• _Problem description_:
Each record must be copied in full and unchanged; any image it holds is excluded.

• _Dataset content_:
■ ■ ■

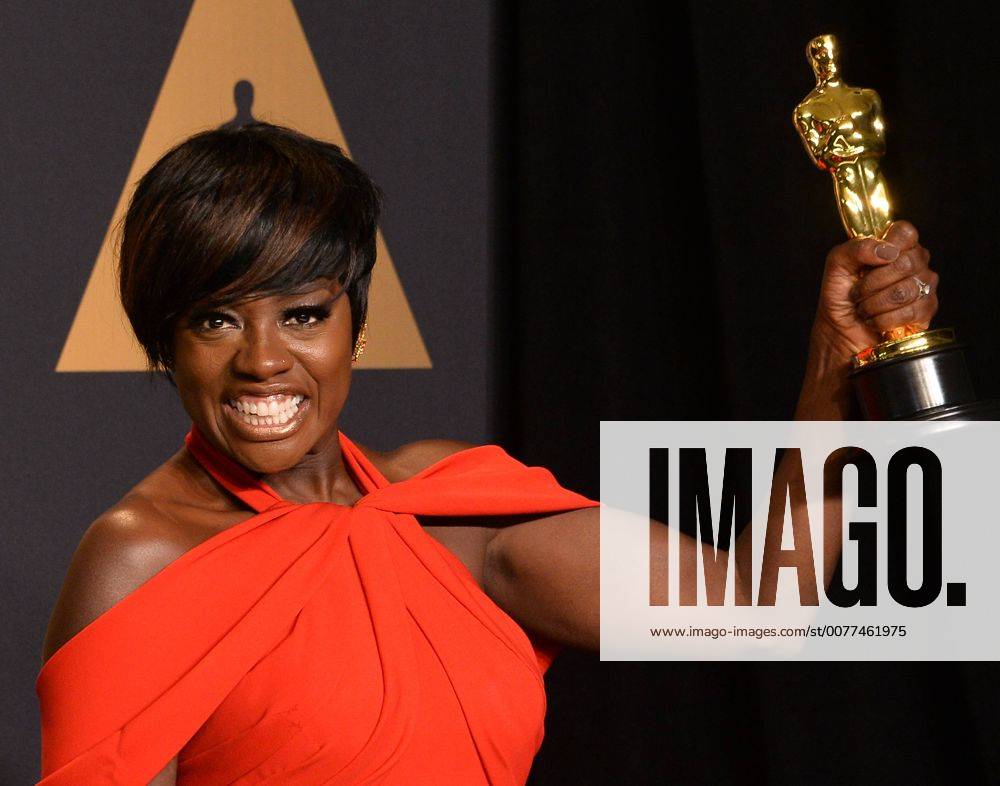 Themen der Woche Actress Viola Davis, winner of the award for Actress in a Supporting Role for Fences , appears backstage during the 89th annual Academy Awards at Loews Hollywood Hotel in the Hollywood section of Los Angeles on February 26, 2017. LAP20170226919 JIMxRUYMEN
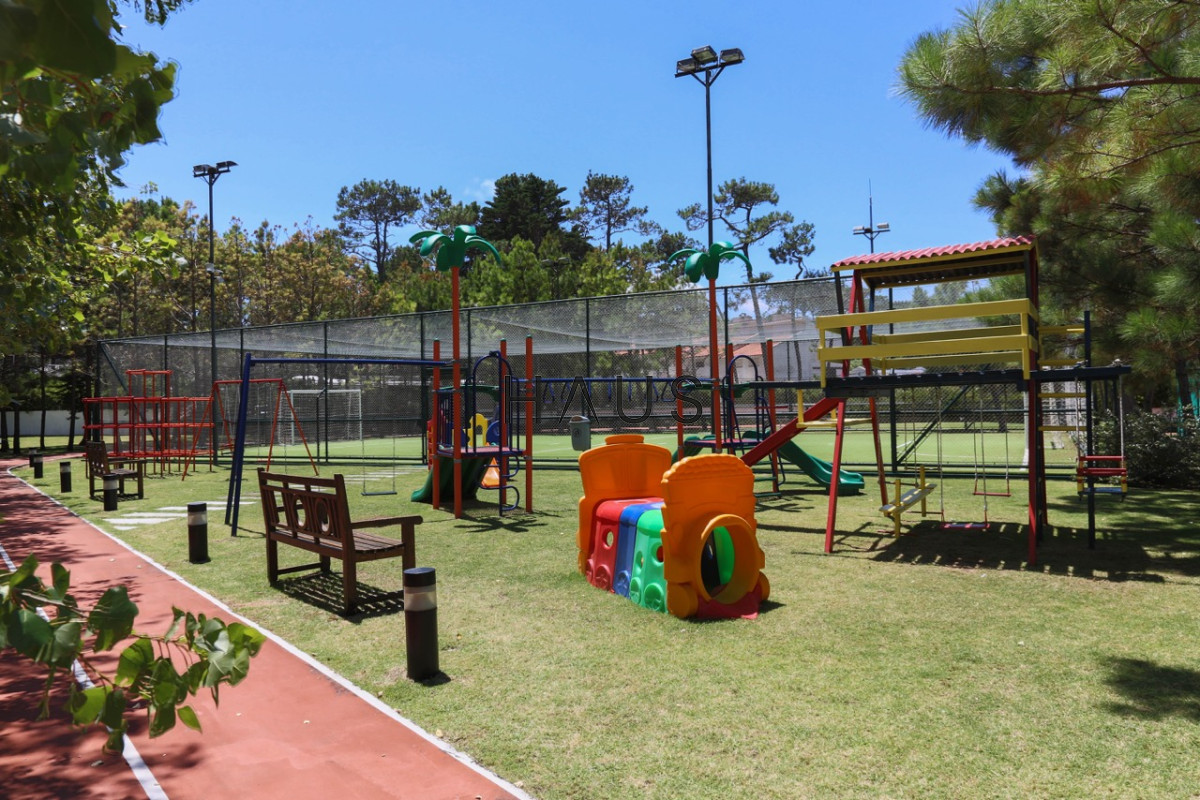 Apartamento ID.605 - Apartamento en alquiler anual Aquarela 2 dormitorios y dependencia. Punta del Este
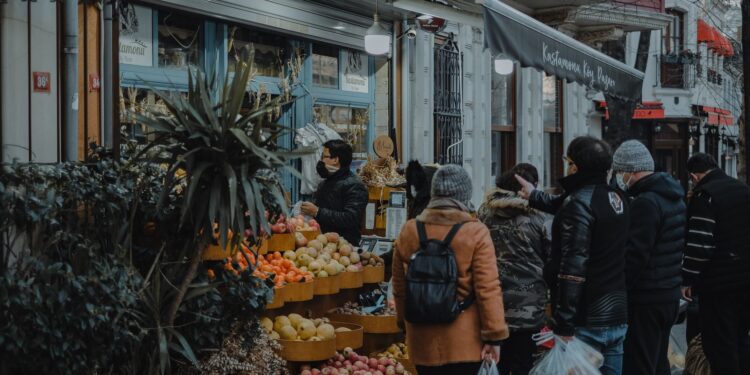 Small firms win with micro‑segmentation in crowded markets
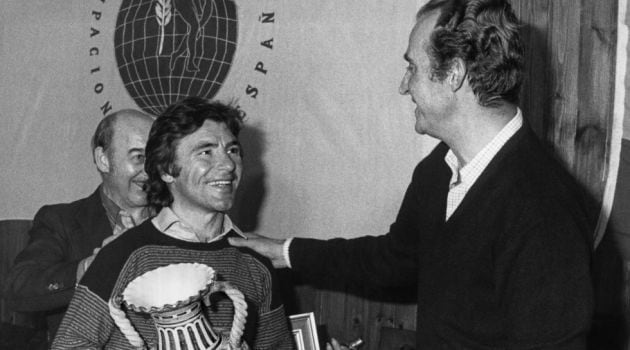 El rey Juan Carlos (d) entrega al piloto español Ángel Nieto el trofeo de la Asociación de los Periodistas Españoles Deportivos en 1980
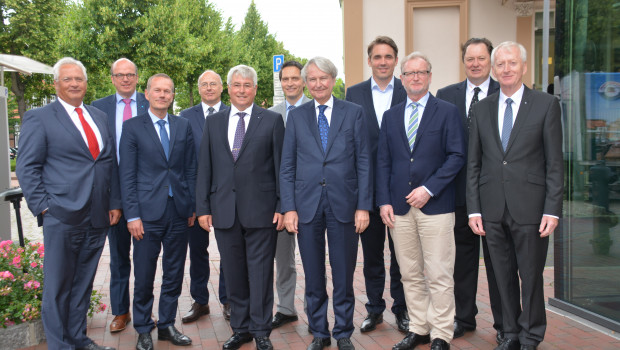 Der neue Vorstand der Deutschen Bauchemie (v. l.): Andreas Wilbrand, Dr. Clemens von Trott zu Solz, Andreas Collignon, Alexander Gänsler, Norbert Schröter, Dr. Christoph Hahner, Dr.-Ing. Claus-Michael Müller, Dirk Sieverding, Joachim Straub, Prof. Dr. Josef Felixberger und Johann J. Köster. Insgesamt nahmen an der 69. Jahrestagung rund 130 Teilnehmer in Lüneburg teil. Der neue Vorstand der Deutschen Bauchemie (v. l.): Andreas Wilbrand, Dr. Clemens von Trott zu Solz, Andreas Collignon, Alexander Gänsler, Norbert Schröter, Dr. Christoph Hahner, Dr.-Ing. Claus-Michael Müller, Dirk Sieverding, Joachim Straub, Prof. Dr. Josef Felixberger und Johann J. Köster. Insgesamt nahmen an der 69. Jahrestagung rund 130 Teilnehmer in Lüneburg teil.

■ ■ ■

• _The answer_:
 Themen der Woche Actress Viola Davis, winner of the award for Actress in a Supporting Role for Fences , appears backstage during the 89th annual Academy Awards at Loews Hollywood Hotel in the Hollywood section of Los Angeles on February 26, 2017. LAP20170226919 JIMxRUYMEN
 Apartamento ID.605 - Apartamento en alquiler anual Aquarela 2 dormitorios y dependencia. Punta del Este
 Small firms win with micro‑segmentation in crowded markets
 El rey Juan Carlos (d) entrega al piloto español Ángel Nieto el trofeo de la Asociación de los Periodistas Españoles Deportivos en 1980
 Der neue Vorstand der Deutschen Bauchemie (v. l.): Andreas Wilbrand, Dr. Clemens von Trott zu Solz, Andreas Collignon, Alexander Gänsler, Norbert Schröter, Dr. Christoph Hahner, Dr.-Ing. Claus-Michael Müller, Dirk Sieverding, Joachim Straub, Prof. Dr. Josef Felixberger und Johann J. Köster. Insgesamt nahmen an der 69. Jahrestagung rund 130 Teilnehmer in Lüneburg teil. Der neue Vorstand der Deutschen Bauchemie (v. l.): Andreas Wilbrand, Dr. Clemens von Trott zu Solz, Andreas Collignon, Alexander Gänsler, Norbert Schröter, Dr. Christoph Hahner, Dr.-Ing. Claus-Michael Müller, Dirk Sieverding, Joachim Straub, Prof. Dr. Josef Felixberger und Johann J. Köster. Insgesamt nahmen an der 69. Jahrestagung rund 130 Teilnehmer in Lüneburg teil.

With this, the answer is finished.